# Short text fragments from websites
•••••

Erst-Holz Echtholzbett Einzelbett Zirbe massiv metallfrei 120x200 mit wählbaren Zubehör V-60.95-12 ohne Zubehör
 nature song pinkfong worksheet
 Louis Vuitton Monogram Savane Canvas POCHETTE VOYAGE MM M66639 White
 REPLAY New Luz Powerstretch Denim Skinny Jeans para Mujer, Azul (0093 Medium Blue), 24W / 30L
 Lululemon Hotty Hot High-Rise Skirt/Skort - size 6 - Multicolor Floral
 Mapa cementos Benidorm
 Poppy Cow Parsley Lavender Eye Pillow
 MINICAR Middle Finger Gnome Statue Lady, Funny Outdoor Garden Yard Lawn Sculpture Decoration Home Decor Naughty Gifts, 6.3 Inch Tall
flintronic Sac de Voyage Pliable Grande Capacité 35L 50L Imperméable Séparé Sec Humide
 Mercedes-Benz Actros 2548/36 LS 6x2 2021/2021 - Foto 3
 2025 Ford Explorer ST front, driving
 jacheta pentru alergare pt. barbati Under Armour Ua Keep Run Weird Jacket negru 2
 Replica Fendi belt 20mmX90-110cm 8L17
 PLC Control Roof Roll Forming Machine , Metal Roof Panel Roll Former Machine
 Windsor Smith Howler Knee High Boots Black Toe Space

•••••

# What the exercise asks
The reply should contain all of the entries exactly as shown above.

# Written response
Erst-Holz Echtholzbett Einzelbett Zirbe massiv metallfrei 120x200 mit wählbaren Zubehör V-60.95-12 ohne Zubehör
 nature song pinkfong worksheet
 Louis Vuitton Monogram Savane Canvas POCHETTE VOYAGE MM M66639 White
 REPLAY New Luz Powerstretch Denim Skinny Jeans para Mujer, Azul (0093 Medium Blue), 24W / 30L
 Lululemon Hotty Hot High-Rise Skirt/Skort - size 6 - Multicolor Floral
 Mapa cementos Benidorm
 Poppy Cow Parsley Lavender Eye Pillow
 MINICAR Middle Finger Gnome Statue Lady, Funny Outdoor Garden Yard Lawn Sculpture Decoration Home Decor Naughty Gifts, 6.3 Inch Tall
flintronic Sac de Voyage Pliable Grande Capacité 35L 50L Imperméable Séparé Sec Humide
 Mercedes-Benz Actros 2548/36 LS 6x2 2021/2021 - Foto 3
 2025 Ford Explorer ST front, driving
 jacheta pentru alergare pt. barbati Under Armour Ua Keep Run Weird Jacket negru 2
 Replica Fendi belt 20mmX90-110cm 8L17
 PLC Control Roof Roll Forming Machine , Metal Roof Panel Roll Former Machine
 Windsor Smith Howler Knee High Boots Black Toe Space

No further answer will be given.